Dès lors, le régulateur est dans une position d'équilibre permanent entre la protection d'une liberté publique fondamentale, la liberté d'expression, extrêmement protégée par notre droit et par nos juridictions - il s'agit d'un droit qui autorise beaucoup de choses, y compris des contenus qui peuvent heurter ou choquer - et la protection des publics.
La doctrine historique du régulateur est plutôt de fonctionner sur alerte, sur signalement. Nous ne sommes pas dans une approche orwellienne ; personne au sein de l'Arcom ne passe son temps à surveiller l'ensemble des programmes de télévision. Nous nous inscrivons plutôt dans une démarche de contrôle a posteriori.

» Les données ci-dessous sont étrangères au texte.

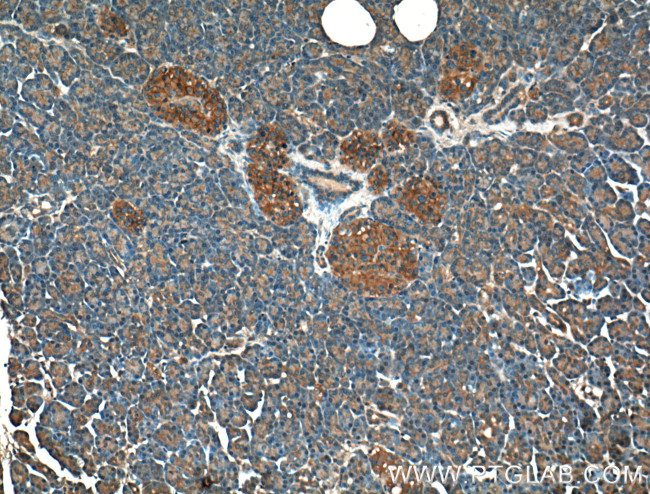 GNAS Antibody in Immunohistochemistry (Paraffin) (IHC (P))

Nous appliquons la même philosophie aux chaînes étrangères.
Tout cela n'interdit pas que nous nous saisissions nous-mêmes, mais en règle générale - vous connaissez les réseaux sociaux ! -, nous sommes saisis avant.
Certes, notre approche sélective davantage que pro-active résulte aussi des contraintes matérielles.

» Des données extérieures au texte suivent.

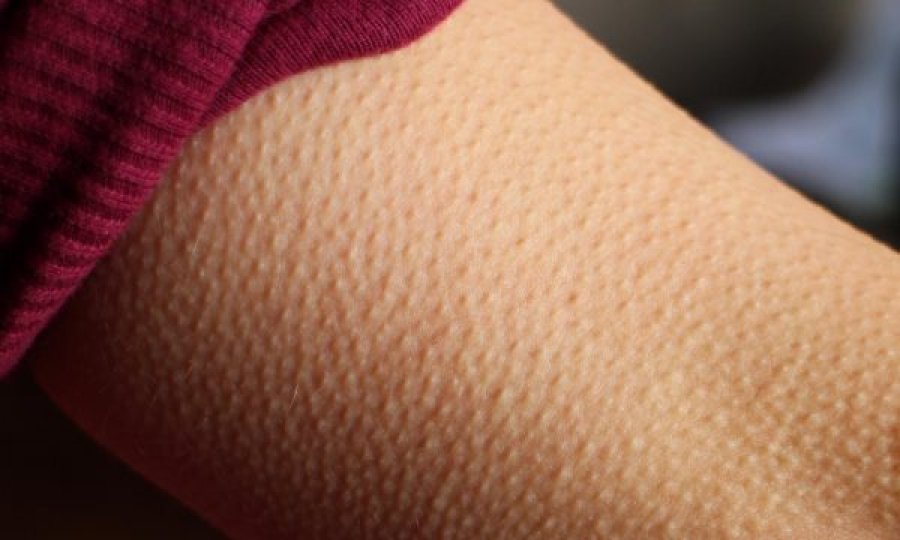 Nëse muzika ju rrëqeth, truri juaj është i veçantë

Nous sommes souvent saisis par le comité Diderot ou Reporters sans frontières (RSF), par l'État - ce fut en particulier le cas pour les chaînes turques dont j'ai parlé -, notamment via Viginum, mais aussi par des autorités étrangères - ce fut le cas de des autorités ukrainiennes au début du conflit -, ou encore nos homologues étrangers.
La barrière de la langue pose évidemment une difficulté, puisque nous devons mobiliser des traducteurs. Nous avons d'ailleurs lancé une mission pour savoir si l'intelligence artificielle pourrait nous aider en la matière comme, de manière plus générale, sur le contrôle des obligations.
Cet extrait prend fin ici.